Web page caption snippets
=-=-=
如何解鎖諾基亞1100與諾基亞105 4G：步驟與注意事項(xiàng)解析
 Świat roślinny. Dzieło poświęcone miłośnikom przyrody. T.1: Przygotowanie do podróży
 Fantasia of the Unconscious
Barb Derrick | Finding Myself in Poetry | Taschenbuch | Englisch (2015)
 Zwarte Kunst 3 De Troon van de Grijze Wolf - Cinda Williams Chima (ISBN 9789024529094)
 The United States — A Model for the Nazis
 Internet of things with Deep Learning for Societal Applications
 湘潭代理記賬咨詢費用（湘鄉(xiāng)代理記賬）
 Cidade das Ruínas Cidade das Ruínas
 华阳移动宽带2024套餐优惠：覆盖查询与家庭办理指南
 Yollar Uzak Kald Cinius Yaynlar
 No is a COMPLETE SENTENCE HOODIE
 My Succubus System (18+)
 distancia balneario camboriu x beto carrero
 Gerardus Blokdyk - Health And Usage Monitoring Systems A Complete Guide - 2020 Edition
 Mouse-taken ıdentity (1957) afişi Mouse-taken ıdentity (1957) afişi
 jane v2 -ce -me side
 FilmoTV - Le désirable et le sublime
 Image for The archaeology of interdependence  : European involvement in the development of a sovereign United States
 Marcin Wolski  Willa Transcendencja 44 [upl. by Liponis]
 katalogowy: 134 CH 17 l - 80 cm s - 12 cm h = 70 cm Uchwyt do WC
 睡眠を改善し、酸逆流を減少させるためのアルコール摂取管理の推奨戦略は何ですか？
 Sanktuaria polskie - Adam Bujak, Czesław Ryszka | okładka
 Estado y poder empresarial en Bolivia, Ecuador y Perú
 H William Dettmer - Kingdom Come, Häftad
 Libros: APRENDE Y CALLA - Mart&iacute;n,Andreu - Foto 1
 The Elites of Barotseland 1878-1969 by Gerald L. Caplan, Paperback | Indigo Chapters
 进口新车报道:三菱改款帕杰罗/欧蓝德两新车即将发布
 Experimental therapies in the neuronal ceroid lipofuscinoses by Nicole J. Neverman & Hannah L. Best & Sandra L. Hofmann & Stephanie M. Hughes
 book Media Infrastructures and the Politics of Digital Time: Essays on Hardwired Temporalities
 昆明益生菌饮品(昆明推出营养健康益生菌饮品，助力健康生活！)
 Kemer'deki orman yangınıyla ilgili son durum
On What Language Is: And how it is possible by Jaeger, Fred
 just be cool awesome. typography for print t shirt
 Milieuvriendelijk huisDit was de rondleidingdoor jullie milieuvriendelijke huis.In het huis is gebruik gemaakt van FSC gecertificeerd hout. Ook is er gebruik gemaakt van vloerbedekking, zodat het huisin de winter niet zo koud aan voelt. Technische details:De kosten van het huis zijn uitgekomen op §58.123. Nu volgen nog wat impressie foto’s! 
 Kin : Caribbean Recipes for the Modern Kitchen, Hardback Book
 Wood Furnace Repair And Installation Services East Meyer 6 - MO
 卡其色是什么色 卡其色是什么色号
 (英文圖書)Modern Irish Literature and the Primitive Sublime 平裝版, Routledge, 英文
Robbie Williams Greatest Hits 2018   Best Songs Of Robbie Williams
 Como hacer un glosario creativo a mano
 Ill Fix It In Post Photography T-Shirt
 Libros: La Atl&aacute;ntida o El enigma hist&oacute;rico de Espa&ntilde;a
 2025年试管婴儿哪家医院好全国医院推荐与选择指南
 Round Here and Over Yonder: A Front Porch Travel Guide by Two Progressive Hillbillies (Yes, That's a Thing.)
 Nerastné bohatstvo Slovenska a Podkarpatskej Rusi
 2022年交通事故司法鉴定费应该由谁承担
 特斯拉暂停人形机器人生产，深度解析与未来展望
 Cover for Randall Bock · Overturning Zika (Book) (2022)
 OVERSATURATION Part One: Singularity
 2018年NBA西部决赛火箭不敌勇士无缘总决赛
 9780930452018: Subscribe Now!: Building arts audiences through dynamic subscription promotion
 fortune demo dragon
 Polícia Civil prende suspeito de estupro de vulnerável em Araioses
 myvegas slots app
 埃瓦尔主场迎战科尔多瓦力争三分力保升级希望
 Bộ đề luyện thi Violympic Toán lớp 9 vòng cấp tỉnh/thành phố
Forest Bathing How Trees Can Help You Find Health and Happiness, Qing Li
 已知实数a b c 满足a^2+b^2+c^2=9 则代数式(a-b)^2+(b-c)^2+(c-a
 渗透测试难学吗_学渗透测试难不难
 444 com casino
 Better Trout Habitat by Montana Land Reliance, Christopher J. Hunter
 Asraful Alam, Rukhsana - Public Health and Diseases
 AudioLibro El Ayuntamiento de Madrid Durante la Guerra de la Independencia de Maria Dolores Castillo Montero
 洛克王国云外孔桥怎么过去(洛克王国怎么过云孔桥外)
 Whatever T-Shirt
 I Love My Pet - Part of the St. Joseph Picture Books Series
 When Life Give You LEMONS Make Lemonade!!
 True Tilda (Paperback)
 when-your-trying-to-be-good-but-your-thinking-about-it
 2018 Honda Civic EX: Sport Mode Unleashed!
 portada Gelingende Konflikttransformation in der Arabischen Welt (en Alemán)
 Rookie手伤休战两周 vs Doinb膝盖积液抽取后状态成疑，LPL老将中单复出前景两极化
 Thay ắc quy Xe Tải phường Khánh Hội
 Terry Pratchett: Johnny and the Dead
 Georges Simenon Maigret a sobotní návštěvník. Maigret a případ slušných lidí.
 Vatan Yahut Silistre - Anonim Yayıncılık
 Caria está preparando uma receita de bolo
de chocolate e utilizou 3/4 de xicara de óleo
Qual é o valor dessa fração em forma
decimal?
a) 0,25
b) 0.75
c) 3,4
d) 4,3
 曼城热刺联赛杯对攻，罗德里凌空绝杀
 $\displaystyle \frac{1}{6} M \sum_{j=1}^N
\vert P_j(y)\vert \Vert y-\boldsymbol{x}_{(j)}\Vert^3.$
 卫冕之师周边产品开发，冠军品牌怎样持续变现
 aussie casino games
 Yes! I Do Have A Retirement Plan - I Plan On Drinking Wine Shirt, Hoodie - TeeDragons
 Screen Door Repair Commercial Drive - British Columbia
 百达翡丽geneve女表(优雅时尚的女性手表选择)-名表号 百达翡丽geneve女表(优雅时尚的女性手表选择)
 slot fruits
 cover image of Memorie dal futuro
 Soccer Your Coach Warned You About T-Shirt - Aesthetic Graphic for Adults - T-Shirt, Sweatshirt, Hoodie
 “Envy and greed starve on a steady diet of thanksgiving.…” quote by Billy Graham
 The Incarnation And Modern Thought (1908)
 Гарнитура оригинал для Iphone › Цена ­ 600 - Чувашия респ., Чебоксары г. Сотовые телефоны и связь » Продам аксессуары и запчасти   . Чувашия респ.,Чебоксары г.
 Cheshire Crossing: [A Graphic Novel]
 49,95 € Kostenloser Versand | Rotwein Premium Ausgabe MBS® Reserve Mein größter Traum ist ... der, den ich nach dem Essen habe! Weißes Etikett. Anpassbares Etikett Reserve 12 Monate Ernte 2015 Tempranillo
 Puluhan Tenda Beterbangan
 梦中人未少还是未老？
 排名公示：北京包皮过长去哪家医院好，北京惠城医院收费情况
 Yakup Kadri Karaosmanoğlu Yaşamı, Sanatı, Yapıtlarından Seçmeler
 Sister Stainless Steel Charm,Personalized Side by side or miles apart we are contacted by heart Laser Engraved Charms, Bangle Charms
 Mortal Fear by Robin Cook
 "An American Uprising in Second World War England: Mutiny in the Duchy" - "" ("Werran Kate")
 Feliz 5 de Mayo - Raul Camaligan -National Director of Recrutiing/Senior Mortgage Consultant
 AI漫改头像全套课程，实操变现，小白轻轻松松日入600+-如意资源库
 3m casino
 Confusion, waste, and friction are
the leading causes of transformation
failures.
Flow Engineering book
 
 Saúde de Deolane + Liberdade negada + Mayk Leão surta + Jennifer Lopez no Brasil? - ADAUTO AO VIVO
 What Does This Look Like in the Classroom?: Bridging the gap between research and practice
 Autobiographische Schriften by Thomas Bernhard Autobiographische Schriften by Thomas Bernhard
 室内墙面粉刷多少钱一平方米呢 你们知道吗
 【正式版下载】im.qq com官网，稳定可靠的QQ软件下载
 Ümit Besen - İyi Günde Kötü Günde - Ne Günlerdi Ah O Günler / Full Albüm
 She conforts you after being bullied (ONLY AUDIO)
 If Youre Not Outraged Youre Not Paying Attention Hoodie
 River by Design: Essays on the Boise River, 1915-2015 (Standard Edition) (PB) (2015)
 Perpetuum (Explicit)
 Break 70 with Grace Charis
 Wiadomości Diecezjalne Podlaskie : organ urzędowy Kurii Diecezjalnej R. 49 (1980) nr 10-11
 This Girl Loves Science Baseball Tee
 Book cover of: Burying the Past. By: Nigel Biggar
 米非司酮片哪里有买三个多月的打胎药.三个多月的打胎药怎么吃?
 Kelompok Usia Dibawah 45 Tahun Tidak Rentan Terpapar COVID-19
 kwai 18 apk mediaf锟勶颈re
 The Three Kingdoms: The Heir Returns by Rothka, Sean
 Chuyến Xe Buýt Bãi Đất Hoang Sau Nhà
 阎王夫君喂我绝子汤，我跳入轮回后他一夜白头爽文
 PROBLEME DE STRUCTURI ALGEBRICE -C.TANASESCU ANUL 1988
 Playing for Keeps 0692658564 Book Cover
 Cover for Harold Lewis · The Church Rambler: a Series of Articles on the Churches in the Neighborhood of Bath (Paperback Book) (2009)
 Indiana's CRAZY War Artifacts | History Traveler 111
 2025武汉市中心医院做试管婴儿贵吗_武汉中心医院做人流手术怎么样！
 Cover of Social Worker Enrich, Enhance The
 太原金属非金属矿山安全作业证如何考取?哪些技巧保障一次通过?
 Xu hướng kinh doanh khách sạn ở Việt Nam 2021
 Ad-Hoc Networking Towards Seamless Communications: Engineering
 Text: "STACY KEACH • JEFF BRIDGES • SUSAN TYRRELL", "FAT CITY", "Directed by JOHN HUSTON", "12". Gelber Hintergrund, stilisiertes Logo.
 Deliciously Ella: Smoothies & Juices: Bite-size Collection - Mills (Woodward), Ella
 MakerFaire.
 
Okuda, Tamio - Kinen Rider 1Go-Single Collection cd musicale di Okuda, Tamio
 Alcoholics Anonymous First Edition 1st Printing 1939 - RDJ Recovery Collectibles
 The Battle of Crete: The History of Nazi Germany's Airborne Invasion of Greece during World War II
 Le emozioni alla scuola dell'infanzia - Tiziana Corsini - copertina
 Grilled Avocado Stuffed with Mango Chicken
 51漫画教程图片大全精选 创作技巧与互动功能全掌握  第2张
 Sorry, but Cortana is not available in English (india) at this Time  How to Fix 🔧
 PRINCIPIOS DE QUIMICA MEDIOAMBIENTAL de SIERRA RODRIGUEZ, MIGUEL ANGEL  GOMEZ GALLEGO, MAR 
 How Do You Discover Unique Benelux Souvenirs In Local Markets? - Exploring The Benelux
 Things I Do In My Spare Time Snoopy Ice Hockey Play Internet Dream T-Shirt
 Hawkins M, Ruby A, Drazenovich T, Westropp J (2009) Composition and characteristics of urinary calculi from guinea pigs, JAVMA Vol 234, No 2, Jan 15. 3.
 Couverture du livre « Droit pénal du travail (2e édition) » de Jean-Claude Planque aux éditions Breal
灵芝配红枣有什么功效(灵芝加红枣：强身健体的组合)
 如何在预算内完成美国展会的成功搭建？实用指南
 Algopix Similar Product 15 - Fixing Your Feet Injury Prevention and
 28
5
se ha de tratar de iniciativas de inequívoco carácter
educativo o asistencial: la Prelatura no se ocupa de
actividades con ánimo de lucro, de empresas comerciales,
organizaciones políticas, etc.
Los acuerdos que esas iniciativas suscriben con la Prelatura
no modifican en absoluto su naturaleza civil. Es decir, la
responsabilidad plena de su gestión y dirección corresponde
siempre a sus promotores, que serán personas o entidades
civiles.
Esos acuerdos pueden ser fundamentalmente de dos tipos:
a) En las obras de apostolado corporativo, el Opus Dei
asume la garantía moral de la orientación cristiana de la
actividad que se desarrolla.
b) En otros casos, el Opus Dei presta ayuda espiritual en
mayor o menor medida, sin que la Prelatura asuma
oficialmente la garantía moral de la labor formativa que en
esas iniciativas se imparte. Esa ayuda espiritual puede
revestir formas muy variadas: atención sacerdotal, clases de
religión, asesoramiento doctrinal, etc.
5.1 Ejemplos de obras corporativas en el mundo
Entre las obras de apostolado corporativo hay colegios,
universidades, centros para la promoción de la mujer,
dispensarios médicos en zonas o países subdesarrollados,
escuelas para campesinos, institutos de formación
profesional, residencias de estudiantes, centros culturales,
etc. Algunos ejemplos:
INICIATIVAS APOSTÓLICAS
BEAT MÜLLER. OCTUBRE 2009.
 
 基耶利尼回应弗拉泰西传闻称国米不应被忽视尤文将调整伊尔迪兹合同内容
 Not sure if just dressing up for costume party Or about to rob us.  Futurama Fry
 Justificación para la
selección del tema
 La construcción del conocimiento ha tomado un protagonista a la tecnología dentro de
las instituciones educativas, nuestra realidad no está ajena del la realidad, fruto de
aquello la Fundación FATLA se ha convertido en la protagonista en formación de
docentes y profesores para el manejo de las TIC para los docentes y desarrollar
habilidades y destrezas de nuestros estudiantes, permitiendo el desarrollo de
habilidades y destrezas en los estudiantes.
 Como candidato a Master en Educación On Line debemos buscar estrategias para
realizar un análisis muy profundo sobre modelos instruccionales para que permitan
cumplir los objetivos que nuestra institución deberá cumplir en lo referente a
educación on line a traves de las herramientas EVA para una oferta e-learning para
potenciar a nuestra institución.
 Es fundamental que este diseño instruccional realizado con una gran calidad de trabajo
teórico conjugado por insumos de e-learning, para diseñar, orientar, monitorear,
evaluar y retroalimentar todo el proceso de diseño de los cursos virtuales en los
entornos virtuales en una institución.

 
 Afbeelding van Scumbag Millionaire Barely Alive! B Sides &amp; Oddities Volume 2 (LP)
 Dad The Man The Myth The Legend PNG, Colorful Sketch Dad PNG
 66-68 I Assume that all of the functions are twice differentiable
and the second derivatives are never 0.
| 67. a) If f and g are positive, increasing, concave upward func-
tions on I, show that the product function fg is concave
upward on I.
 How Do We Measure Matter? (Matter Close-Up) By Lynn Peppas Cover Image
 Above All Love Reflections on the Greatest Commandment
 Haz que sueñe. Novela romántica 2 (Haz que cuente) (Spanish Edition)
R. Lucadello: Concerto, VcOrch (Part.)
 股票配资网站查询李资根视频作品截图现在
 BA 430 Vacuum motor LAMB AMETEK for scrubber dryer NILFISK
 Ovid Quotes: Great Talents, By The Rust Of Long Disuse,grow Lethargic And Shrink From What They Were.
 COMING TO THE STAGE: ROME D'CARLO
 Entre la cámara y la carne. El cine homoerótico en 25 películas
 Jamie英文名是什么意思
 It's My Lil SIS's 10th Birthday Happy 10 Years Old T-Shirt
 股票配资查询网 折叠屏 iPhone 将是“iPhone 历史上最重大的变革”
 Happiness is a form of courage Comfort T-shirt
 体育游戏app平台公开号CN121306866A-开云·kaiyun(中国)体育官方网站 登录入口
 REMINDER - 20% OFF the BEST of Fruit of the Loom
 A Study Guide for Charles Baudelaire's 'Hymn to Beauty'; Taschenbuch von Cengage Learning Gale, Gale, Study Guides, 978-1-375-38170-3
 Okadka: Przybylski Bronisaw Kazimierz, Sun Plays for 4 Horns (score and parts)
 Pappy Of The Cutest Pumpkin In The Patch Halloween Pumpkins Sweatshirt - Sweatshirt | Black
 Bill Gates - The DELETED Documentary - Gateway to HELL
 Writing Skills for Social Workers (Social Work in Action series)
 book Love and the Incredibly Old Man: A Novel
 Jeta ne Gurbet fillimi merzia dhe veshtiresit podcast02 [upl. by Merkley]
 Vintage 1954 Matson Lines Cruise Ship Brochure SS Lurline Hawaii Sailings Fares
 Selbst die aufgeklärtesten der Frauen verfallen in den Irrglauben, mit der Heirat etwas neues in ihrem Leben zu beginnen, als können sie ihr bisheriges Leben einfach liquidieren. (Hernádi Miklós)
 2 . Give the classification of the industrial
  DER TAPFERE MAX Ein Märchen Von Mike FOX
=-=-=
-- Exercise aim --
Every line above carrying the word "Time" needs to be shown.

-- Your response --
 book Media Infrastructures and the Politics of Digital Time: Essays on Hardwired Temporalities
 Sorry, but Cortana is not available in English (india) at this Time  How to Fix 🔧
 Things I Do In My Spare Time Snoopy Ice Hockey Play Internet Dream T-Shirt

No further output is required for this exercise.